P. hatte sich nach dem Tode seines Neffen zum Beistande seiner Schwester nach Bückeburg begeben. Für sich selbst machte er anfangs keine Ansprüche, wenigstens nicht auf Land und Leute, betrachtete vielmehr seinen Bruder Otto als künftigen Regenten. Er würde holländische Kriegsdienste vorgezogen haben und verweilte deswegen lange Zeit im Haag. Als aber Elisabeth nicht Otto sondern ihm Alles was sie vom schaumburgischen Gebiete besaß und noch ferner zu erwerben hoffte, testamentarisch zuwandte (3. Juli 1643), begab sich P. selbst mit einem Rechtsgelehrten der Universität Rinteln nach Stockholm an den Hof der Königin Christine. Er scheint deren Gunst gewonnen zu haben, denn er erwirkte einen Befehl an die schwedische Regierung zu Minden (7. October), die Gräfin Elisabeth im Besitze der mindenschen Lehngüter zu belassen. Wie Elisabeth wünschten auch die schaumburgischen Landstände den Grafen P. zum Regenten und huldigten ihm. Jetzt war der Moment günstig, auch die hessischen Lehen, über welche man schon lange mit der Landgräfin in Verhandlungen stand, zu erwerben, denn Hessen wollte die drei Aemter nur demjenigen lippischen Blutsverwandten überlassen, welcher auch das übrige Gebiet innehatte und dasselbe dem hessischen Lehensverbande unterwarf. Bei einem Besuche des Grafen am Hofe zu Kassel fand er die Landgräfin willig, mußte sich aber verpflichten, eine hessische Prinzessin, die Tochter des verstorbenen Landgrafen Moritz, Sophie (29 Jahre alt) zu heirathen und erhielt gleich darauf die hessische Belehnung (25. Octbr. 1644).
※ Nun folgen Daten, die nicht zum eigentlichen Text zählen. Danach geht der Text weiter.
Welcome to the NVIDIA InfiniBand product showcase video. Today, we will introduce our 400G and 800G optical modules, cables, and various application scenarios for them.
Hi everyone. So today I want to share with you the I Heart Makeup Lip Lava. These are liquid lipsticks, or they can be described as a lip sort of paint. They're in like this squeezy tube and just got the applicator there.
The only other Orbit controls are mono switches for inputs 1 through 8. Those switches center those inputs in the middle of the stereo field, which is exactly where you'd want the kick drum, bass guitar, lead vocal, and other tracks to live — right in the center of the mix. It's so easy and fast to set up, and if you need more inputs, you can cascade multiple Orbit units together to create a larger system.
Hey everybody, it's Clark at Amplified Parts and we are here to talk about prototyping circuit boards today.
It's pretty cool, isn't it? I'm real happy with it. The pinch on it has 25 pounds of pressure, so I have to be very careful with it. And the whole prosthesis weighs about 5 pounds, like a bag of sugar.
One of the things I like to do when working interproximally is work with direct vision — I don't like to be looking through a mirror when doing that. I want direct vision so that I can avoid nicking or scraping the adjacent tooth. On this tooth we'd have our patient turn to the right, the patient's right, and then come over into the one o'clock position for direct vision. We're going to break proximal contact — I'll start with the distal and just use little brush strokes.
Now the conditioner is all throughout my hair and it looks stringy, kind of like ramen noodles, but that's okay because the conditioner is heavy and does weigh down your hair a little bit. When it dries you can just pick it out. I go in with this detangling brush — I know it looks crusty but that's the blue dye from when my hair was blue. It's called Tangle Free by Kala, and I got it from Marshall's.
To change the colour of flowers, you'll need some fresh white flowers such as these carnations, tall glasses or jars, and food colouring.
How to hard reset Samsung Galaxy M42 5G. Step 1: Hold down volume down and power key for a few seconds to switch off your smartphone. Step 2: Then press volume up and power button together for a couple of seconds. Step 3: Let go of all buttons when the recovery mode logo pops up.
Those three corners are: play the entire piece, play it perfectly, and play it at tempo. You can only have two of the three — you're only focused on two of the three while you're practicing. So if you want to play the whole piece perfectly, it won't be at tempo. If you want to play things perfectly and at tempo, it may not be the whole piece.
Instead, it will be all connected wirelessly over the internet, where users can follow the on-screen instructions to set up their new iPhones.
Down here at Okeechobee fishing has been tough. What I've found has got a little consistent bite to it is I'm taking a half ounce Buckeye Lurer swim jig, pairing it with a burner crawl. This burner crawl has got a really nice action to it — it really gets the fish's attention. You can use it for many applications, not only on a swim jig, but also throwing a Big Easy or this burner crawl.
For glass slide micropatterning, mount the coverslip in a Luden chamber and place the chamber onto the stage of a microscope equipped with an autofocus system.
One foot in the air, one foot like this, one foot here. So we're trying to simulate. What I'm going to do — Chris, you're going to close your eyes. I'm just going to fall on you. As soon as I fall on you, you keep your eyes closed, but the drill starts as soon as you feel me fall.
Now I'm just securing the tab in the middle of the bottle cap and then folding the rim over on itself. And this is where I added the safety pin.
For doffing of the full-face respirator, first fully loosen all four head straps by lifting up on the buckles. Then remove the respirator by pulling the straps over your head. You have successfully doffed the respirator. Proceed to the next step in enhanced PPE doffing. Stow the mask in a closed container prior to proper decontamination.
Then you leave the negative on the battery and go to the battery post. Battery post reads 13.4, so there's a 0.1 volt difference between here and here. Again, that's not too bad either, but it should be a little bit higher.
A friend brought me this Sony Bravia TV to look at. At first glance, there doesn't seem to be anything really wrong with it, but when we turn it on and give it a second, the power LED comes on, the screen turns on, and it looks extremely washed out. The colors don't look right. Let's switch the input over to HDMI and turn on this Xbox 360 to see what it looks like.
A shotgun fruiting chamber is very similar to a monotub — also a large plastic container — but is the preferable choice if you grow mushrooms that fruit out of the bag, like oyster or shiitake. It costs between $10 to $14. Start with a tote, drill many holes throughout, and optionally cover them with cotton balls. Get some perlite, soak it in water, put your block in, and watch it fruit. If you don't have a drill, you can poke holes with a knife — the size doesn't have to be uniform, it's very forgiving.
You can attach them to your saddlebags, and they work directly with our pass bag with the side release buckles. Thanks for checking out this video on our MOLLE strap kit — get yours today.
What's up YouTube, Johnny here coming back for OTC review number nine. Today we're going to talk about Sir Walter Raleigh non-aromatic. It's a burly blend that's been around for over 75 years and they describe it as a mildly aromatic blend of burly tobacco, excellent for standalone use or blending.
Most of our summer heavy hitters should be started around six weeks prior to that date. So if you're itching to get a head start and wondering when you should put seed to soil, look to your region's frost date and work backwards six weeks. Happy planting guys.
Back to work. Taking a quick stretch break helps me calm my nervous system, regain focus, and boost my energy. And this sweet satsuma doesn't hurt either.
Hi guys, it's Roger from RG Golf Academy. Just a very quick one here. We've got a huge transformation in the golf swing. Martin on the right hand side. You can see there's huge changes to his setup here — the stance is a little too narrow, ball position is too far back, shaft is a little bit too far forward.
Allein es traten neue Schwierigkeiten ein. Der Reichshofrath, an welchen der Streit der schaumburgischen Wittwe gegen das Domcapitcl zu Minden übergegangen war, entschied zu Gunsten des letzteren (18. Decbr. 1645), und als das Urtheil eben vollzogen werden sollte starb Elisabeth am 19. Juni 1646. Die schwedische Regierung glaubte sich nun berechtigt, die mindenschen Lehensämter, um welche sich Torstensohn und der Pfalzgraf Karl Gustav eifrig bewarben, einzuziehen, und infolge davon wurde zugleich die hessische Belehnung wieder gefährdet. Auch andere Prätendenten, wie Graf Otto zur Lippe und die Regierung zu Detmold, machten Ansprüche an den Nachlaß der Verstorbenen und suchten sich desselben zu bemächtigen. In dieser Lage schien die Sache für den Grafen P. verloren. Es trat indeß wiederum eine günstige Wendung ein, sofern die Königin Christine ihn vorläufig im Besitze beließ, und die Landgräfin beschloß, den schaumburger Erbfall an den Friedenscongreß in Münster und Osnabrück zu bringen. Sie verlangte die streitigen Gebietstheile als Entschädigung für die von Hessen im Bunde mit Schweden aufgewandten Kriegskosten und setzte diesen Anspruch unter Berufung auf eine Zusage Gustav Adolfs mit Hülfe von Schweden und Frankreich gegen den Einspruch des kaiserlichen Gesandten durch. [10] Unter Vermittelung Oxenstierna’s kam nun zu Münster (19. Juli 1647) ein weitläuftiger Vertrag mit dem Grafen P. zu Stande, nach welchem die ganze Grafschaft Schaumburg zwischen ihm und Hessen getheilt, und sein Antheil dem hessischen Lehensverbande unterworfen wurde. Durch weitere Verträge zu Kassel wurde der Plan dahin ausgeführt, daß P. die Aemter zu Bückeburg, Stadthagen, Hagenburg, Arnsburg und einen Theil von Sachsenhagen bekam, und schließlich die ganze Vertheilung der schaumburger Stammlande zwischen dem lippischen Grafen, Hessen und Braunschweig durch den westfälischen Frieden besiegelt. Seitdem nannte P. seinen Antheil an dem Gebiete „Schaumburg-Lippe“, zum Unterschiede gegen das hessische Schaumburg.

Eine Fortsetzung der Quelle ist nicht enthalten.